◆ To do ◆
Your copy begins at the line with "Псилоцибиновые грибы MAGIC" and runs through the end of the data below. Set down only those lines exactly, without pictures.

(Image-text web data)

============================================================

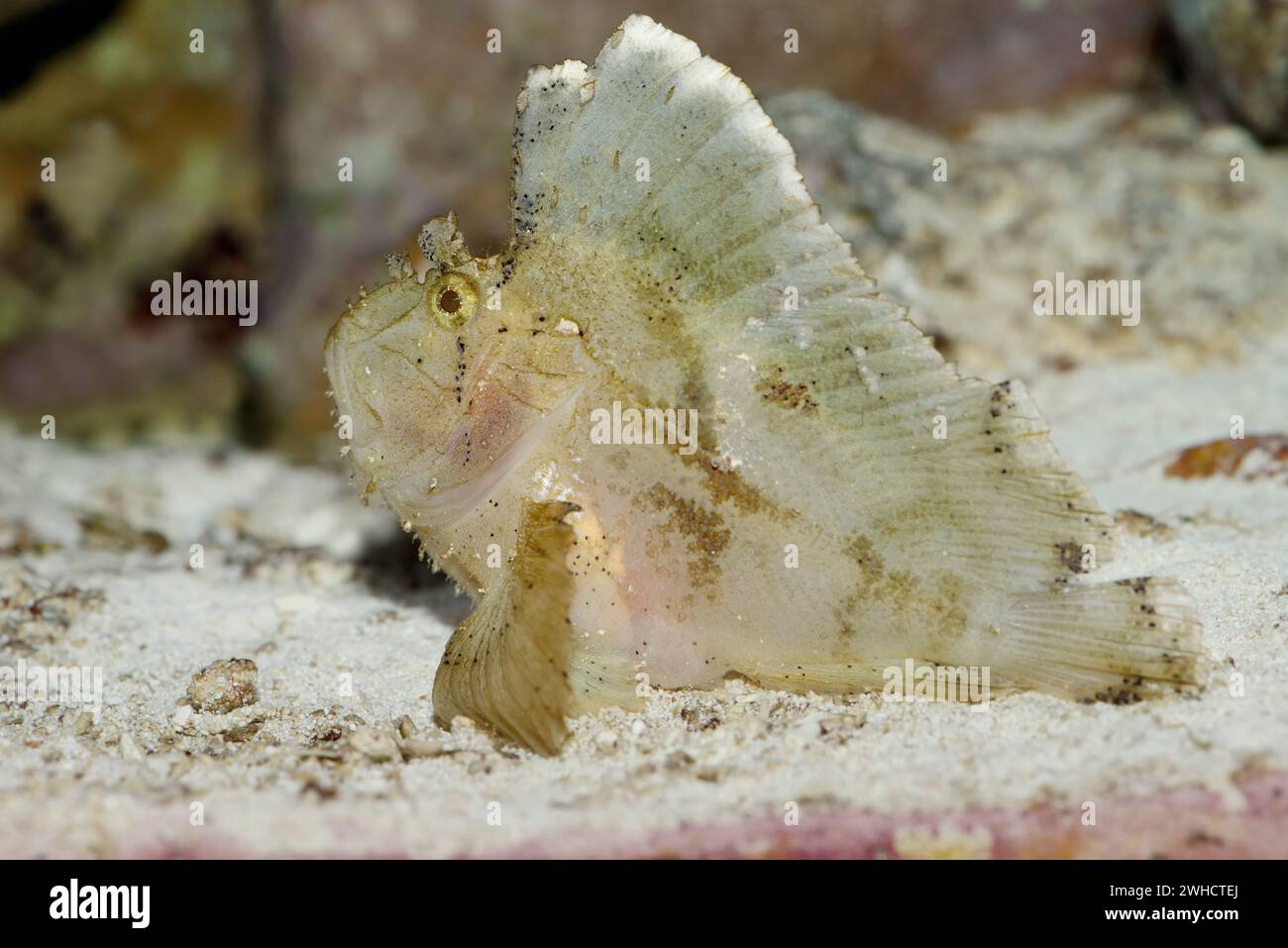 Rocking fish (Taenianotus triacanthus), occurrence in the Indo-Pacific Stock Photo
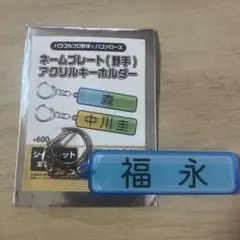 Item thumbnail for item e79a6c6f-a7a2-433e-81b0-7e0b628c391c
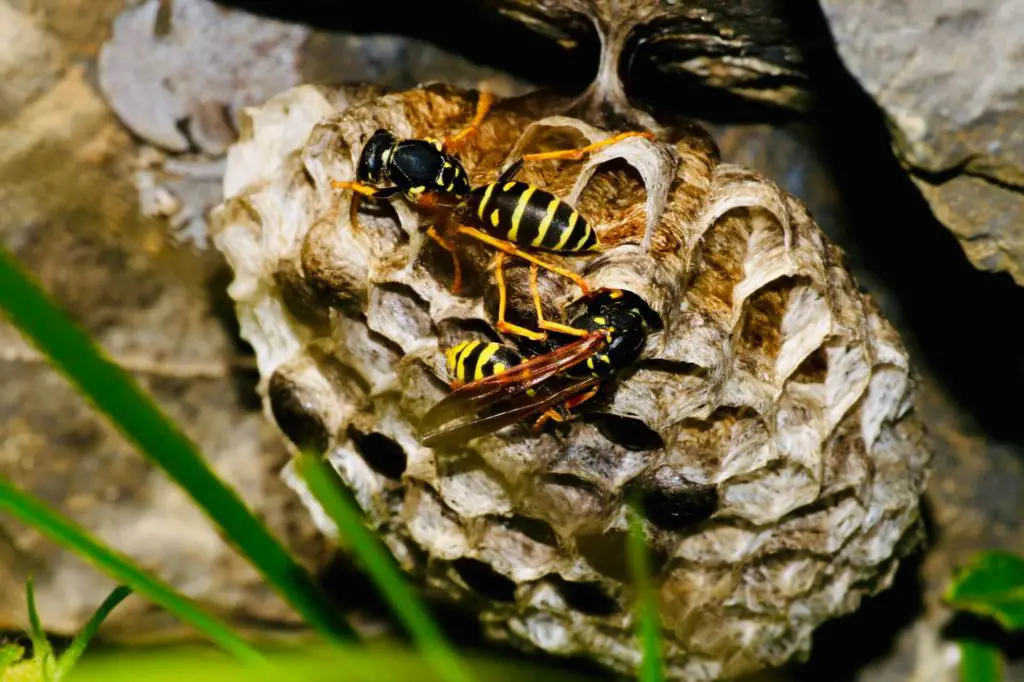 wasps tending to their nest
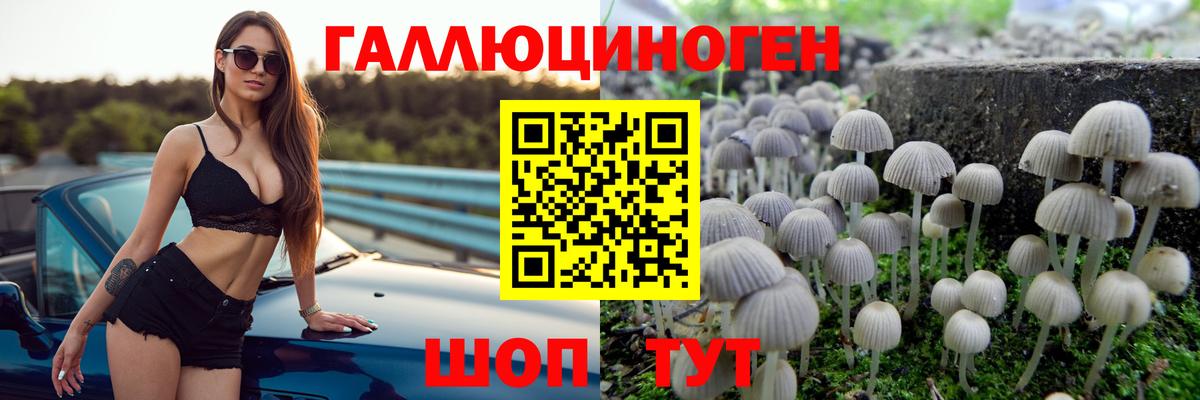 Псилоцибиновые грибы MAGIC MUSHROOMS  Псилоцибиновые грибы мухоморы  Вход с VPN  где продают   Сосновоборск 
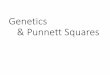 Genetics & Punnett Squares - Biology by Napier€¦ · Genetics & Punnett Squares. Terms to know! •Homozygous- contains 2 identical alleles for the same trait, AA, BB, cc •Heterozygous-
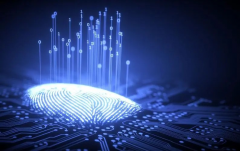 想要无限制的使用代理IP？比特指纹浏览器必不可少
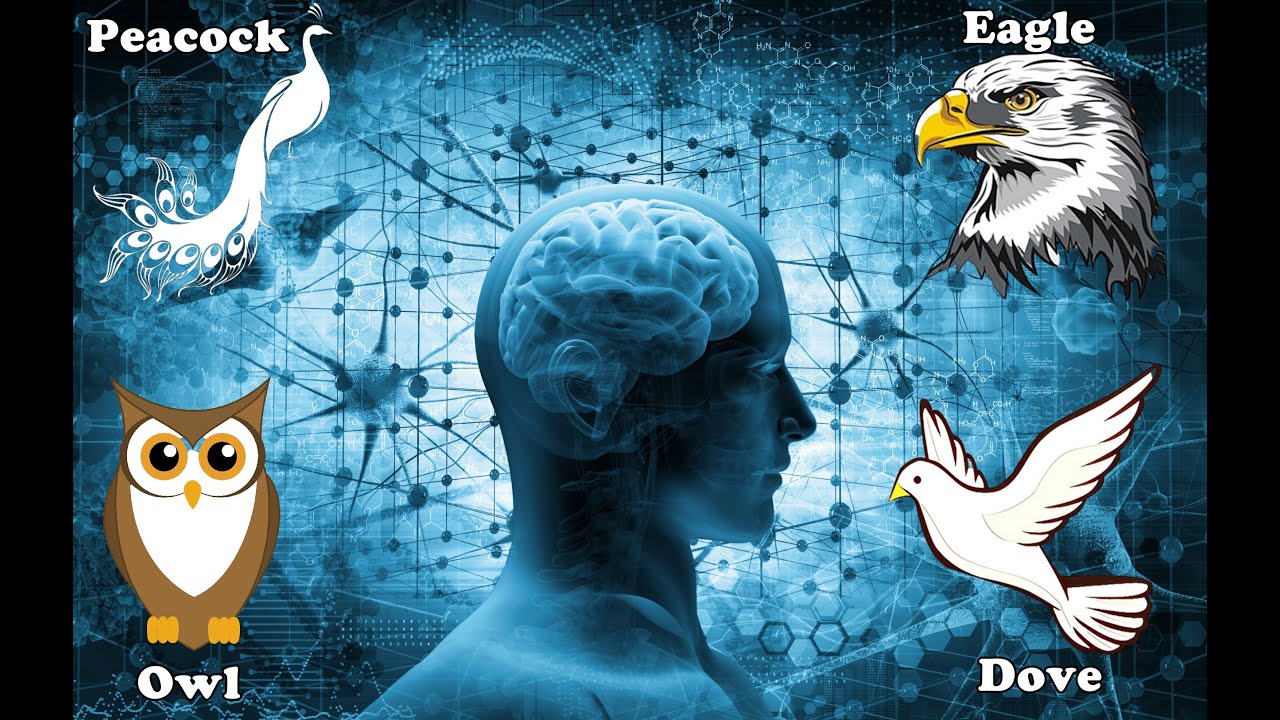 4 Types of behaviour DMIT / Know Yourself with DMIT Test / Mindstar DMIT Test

============================================================

◆ Exercise solution ◆
 Псилоцибиновые грибы MAGIC MUSHROOMS  Псилоцибиновые грибы мухоморы  Вход с VPN  где продают   Сосновоборск 
 Genetics & Punnett Squares - Biology by Napier€¦ · Genetics & Punnett Squares. Terms to know! •Homozygous- contains 2 identical alleles for the same trait, AA, BB, cc •Heterozygous-
 想要无限制的使用代理IP？比特指纹浏览器必不可少
 4 Types of behaviour DMIT / Know Yourself with DMIT Test / Mindstar DMIT Test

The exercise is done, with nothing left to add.